By Annette Santos
HOUSTON — Roland Hernandez is your average working-class American. He works full time, six days a week, sometimes up to 12 hours a day.
As a repair man, he is comfortable speaking to people of all educational backgrounds and has traveled through several Houston neighborhoods — the rich, the poor and those in between.
It was in through his line of work that he discovered a need for social change. Through conversations with disabled war veterans and the elderly, he came up with an idea to save social security and better assist returning veterans, something he says Republicans would favor.
“The problem is the federal government is broke,” said Hernandez. “There is no money, so I found a solution.”
An immigration reform is the solution, he said.
“I created an immigration reform bill that is going to create a lot of money for the nation, so much money that we can help provide for the needs of the elderly and disabled war veterans,” Hernandez said.
Hernandez plans to ask Congress for a one-year grace period where immigrants will be granted a temporary work visa. The revenue will come straight from the work visas, which is a selling point for both major political parties.
“It’s not going to come out of the federal government’s pocket; it’s not going to come out of the tax payers’ pocket; the immigrant is going to pay for it,” he said.
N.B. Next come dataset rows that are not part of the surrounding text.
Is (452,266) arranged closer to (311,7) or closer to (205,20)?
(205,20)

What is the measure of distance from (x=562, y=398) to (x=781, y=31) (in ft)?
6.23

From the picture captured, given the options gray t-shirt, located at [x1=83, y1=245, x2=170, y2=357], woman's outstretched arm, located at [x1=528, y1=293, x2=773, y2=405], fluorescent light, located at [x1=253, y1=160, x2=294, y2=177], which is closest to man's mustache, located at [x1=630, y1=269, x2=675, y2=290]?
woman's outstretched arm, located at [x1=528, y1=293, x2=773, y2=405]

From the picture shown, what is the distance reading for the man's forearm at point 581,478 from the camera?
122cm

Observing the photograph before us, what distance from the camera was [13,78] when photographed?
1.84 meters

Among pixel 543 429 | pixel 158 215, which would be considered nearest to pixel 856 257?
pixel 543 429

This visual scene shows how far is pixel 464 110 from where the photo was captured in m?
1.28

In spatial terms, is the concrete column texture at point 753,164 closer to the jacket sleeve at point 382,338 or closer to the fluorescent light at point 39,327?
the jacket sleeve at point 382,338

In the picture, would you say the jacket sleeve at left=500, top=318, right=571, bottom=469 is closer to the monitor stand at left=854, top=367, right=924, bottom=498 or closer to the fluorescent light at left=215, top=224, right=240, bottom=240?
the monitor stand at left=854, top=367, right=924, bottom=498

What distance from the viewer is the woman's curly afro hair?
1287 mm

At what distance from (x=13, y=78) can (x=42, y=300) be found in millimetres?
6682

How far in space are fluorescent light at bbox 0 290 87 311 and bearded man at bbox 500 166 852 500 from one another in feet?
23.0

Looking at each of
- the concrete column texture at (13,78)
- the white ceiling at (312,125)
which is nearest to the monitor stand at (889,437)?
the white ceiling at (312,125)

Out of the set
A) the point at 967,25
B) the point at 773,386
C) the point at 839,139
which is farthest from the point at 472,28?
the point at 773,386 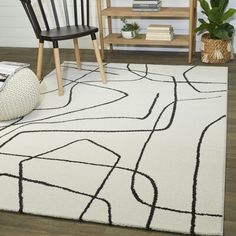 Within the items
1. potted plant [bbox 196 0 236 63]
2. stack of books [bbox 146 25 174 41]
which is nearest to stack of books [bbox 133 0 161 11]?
stack of books [bbox 146 25 174 41]

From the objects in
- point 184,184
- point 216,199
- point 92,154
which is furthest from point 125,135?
point 216,199

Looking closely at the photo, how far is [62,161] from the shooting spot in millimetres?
1948

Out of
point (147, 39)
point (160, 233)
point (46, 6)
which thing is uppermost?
point (46, 6)

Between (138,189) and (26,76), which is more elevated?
(26,76)

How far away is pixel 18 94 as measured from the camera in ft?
7.66

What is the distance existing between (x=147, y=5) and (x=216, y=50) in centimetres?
73

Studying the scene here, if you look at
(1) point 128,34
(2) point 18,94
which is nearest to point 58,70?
(2) point 18,94

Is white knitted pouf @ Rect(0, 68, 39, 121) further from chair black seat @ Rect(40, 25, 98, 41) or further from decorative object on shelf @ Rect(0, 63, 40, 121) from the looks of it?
chair black seat @ Rect(40, 25, 98, 41)

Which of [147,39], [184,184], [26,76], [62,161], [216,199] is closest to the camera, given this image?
[216,199]

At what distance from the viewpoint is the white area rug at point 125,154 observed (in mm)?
1587

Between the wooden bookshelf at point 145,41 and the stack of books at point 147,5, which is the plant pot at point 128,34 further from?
the stack of books at point 147,5

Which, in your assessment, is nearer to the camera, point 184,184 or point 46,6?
point 184,184

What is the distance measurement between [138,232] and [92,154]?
0.62 m

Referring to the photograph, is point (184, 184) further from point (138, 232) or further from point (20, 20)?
point (20, 20) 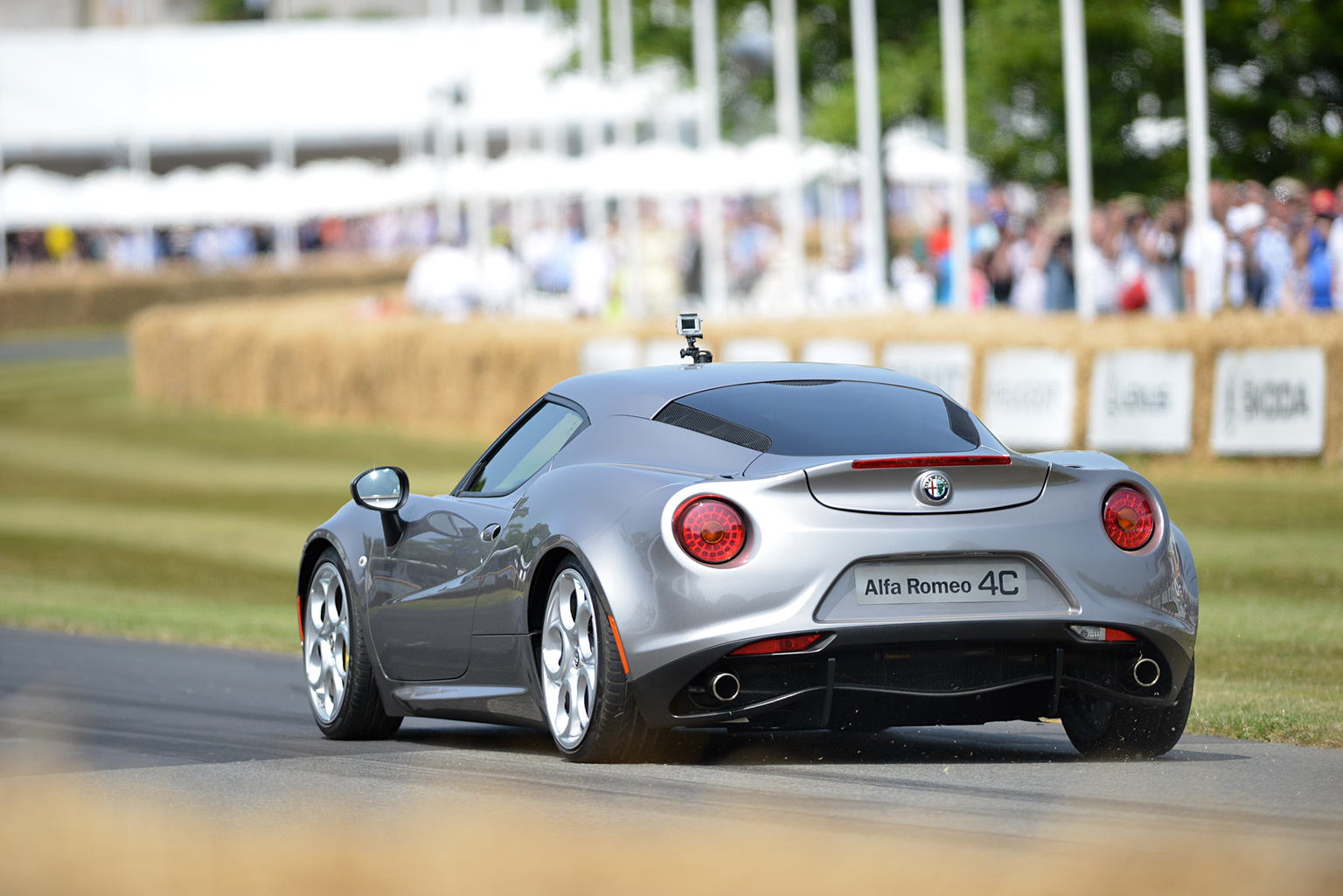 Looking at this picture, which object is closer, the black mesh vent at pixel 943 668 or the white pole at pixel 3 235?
the black mesh vent at pixel 943 668

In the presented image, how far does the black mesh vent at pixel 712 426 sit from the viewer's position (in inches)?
281

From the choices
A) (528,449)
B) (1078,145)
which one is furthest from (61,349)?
(528,449)

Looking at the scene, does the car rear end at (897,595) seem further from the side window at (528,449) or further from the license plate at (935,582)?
the side window at (528,449)

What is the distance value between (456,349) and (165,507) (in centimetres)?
724

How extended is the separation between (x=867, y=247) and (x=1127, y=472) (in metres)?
26.7

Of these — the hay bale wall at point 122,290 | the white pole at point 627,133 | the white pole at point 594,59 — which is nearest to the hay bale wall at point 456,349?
the white pole at point 627,133

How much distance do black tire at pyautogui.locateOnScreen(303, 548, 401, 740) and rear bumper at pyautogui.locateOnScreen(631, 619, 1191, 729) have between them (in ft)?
6.23

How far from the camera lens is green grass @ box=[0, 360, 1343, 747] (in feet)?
34.5

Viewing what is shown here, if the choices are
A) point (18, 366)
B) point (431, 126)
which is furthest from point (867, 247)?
point (431, 126)

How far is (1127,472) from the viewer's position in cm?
709

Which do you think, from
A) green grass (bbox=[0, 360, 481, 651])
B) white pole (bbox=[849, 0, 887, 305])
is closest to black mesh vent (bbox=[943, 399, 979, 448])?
green grass (bbox=[0, 360, 481, 651])

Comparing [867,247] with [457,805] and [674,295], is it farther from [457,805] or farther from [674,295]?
[457,805]

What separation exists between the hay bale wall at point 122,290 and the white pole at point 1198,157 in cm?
3934

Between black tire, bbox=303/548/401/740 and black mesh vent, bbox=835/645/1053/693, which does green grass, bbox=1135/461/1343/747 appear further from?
black tire, bbox=303/548/401/740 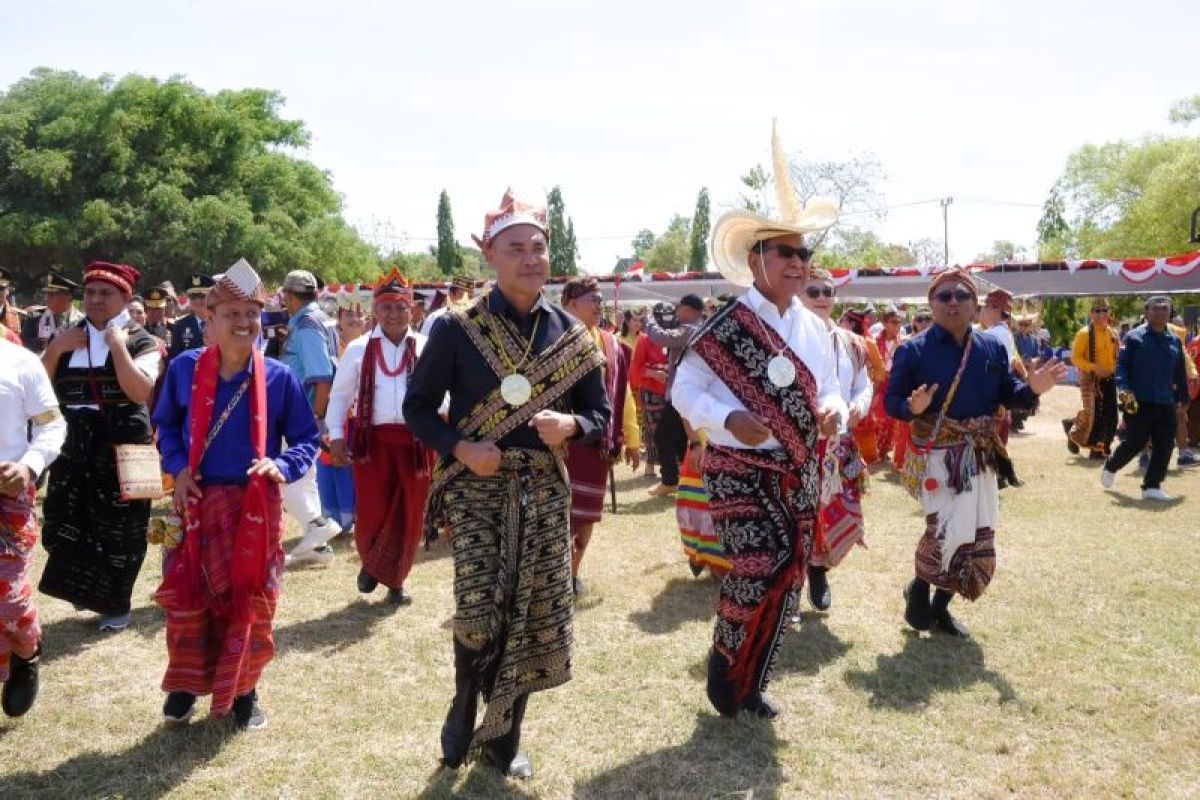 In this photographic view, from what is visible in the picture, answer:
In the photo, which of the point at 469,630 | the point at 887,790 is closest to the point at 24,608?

Local state governments, he said, would benefit with creation of new jobs, if such visa were every allowed for temporary citizenship. The economy would experience a boost and perhaps raise enough money to pay for the national debt, he said.
The pricing of the work visas, according to Hernandez, would depend on age and marital status. He said buying work visas are a safer alternative to “coyotes,” smugglers who warrant no guarantees. His focus is to inform the public of his idea. He says the only way to pass his proposal would be by unifying supporters.